What is the Beighton Score?
The Beighton score is a widely used 9-point screening tool for generalized joint hypermobility — the tendency of joints to move beyond the normal range. It is a key part of assessing conditions such as hypermobility spectrum disorder (HSD) and hypermobile Ehlers-Danlos syndrome (hEDS). The scale is universal and not specific to any country.
How to use this calculator
Perform each of the nine maneuvers and tick every box you can pass. Each successful maneuver earns 1 point. The five test sites are scored bilaterally (left and right) except for the trunk:
1–2. Passive bending of each little finger (pinky) beyond 90°. 3–4. Passive bending of each thumb back to touch the forearm. 5–6. Hyperextension of each elbow beyond 10°. 7–8. Hyperextension of each knee beyond 10°. 9. Bending forward with knees straight to place both palms flat on the floor.
The formula explained
The total is simply the sum of all nine binary (0 or 1) results, giving a value from 0 to 9:
$$\text{Score} = \text{L Pinky} + \text{R Pinky} + \text{L Thumb} + \text{R Thumb} + \text{L Elbow} + \text{R Elbow} + \text{L Knee} + \text{R Knee} + \text{Trunk}$$In adults, a score of 5 or more is commonly used as the threshold for generalized joint hypermobility; some clinicians use 4 for older adults. Children and adolescents often use a higher cut-off (≥6) because they are naturally more flexible. This calculator reports the raw score and a general interpretation — it is an educational screening aid, not a diagnosis.
Worked example
Suppose a person can bend both pinkies back, touch both thumbs to the forearm, hyperextend both elbows, but cannot hyperextend their knees and cannot place their palms flat on the floor. That is \(2 + 2 + 2 + 0 + 0 = 6\). A score of 6 is above the adult threshold, indicating generalized joint hypermobility is likely.
Interpreting Your Beighton Score
The Beighton score is a 9-point screening tool for generalized joint hypermobility (GJH). Each of the nine maneuvers that you can perform adds one point, so the total ranges from 0 (no hypermobile joints tested) to 9 (all tested joints hypermobile). The score is symmetric: the pinky, thumb, elbow, and knee maneuvers are each scored separately on the left and right sides (8 points), plus 1 point for the forward trunk flexion with palms flat on the floor.
Established cut-offs for generalized joint hypermobility
The threshold for a "positive" screen depends on age, because joint laxity decreases across the lifespan. The 2017 International Classification of the Ehlers-Danlos Syndromes uses the following cut-offs:
| Population | Cut-off for GJH |
|---|---|
| Children and adolescents (prepubertal) | ≥ 6 of 9 |
| Adults (to about age 50) | ≥ 5 of 9 |
| Adults over ~50 (older adults) | ≥ 4 of 9 |
What different score ranges suggest
- 0–3: Low likelihood of generalized joint hypermobility. Isolated hypermobility at one or two joints is common and not in itself clinically significant.
- 4: Below the adult cut-off for most adults, but meets the threshold for older adults (over ~50). In younger adults this is sometimes described as suggestive but sub-threshold.
- 5–6: Meets the adult cut-off (and the pediatric cut-off at 6). Indicates generalized joint hypermobility on screening.
- 7–9: Meets all standard cut-offs and reflects widespread joint hypermobility.
For example, a 30-year-old who can perform both pinky maneuvers, both thumb maneuvers, both elbow maneuvers, and the trunk maneuver scores 7 out of 9, which is at or above the adult cut-off of 5.
Important limitations
A Beighton score above the cut-off indicates generalized joint hypermobility — it does not by itself diagnose hypermobile Ehlers-Danlos syndrome (hEDS) or a hypermobility spectrum disorder (HSD).
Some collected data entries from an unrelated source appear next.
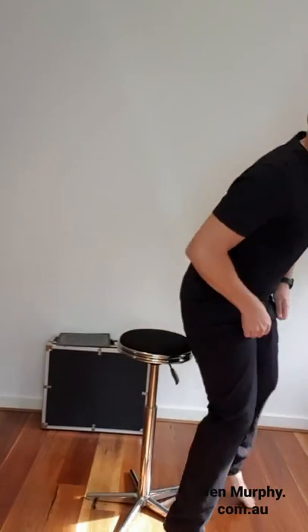Hey guys, it's me, Ben Murphy, and welcome to another edition of Magic Bits.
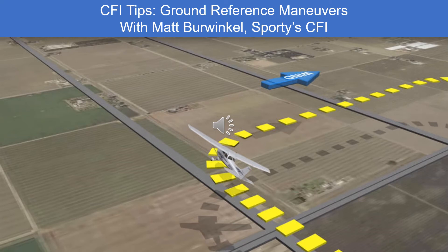Welcome to another edition of CFI Tips. My name is Eric Radke, Chief Instructor at Sporty's, and I'm here with Matt Berwinkle, another Sporty's CFI. Today's topic is ground reference maneuvers.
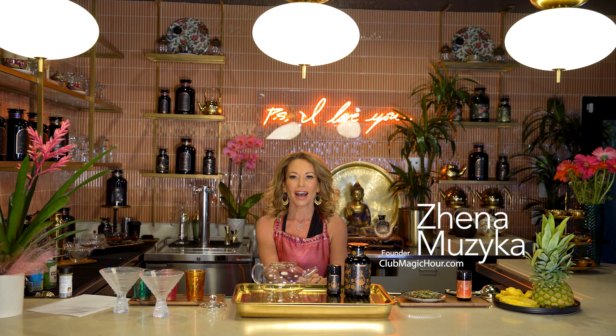Hi, how are you? Welcome to Club Magic Hour. When I thought about where we were gonna shoot today, I got really excited to shoot in our new Club Magic Hour bar.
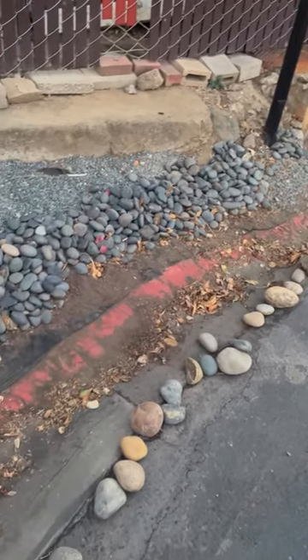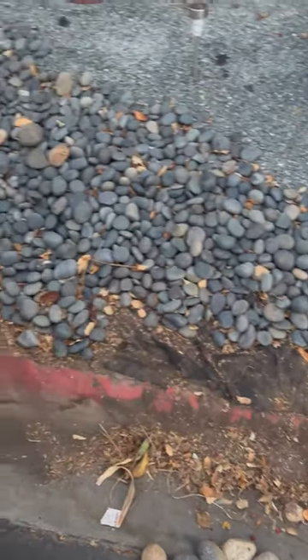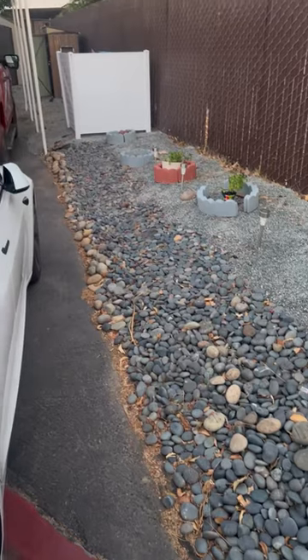This was a fun project. I finally got around to purchasing a no-dig edging kit from Home Depot, and that allowed me to finally keep these rocks under control.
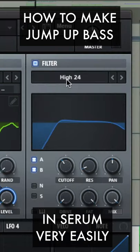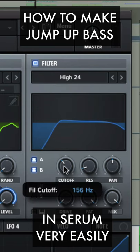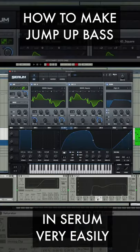Filter: set to high pass 24, with cutoff set to 156 hertz. Again with these settings. It should sound like this.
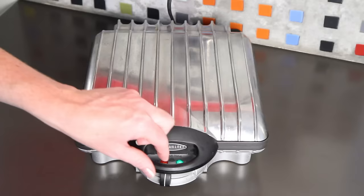Sarah from Average Betty here and I'm making quick and easy waffles. Waffles take a little extra effort than pancakes because they require a waffle iron.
Under the 2017 International Classification criteria, a diagnosis of hEDS requires a positive Beighton screen plus additional clinical features (such as systemic connective-tissue findings, a positive family history, or musculoskeletal complications) and the exclusion of other conditions. The Beighton maneuvers also do not assess every joint (for instance the shoulders, hips, ankles, and jaw), so historical questionnaires are sometimes added for people whose tested joints have stiffened with age.
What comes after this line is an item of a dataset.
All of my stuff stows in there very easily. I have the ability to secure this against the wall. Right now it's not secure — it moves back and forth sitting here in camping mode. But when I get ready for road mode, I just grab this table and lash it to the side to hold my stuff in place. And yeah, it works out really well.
This is general educational information about how the score is interpreted, not medical advice. Diagnosis and management require evaluation by a qualified healthcare professional.
FAQ
Is a high Beighton score a diagnosis? No. It only screens for hypermobility. A diagnosis like hEDS requires additional clinical criteria assessed by a healthcare professional.
What is a normal Beighton score? Many people score 0–3. Scores tend to be higher in children, women, and certain ethnic groups.
Can my score change over time? Yes. Joint flexibility usually decreases with age, so a score taken in childhood may differ from one taken in adulthood.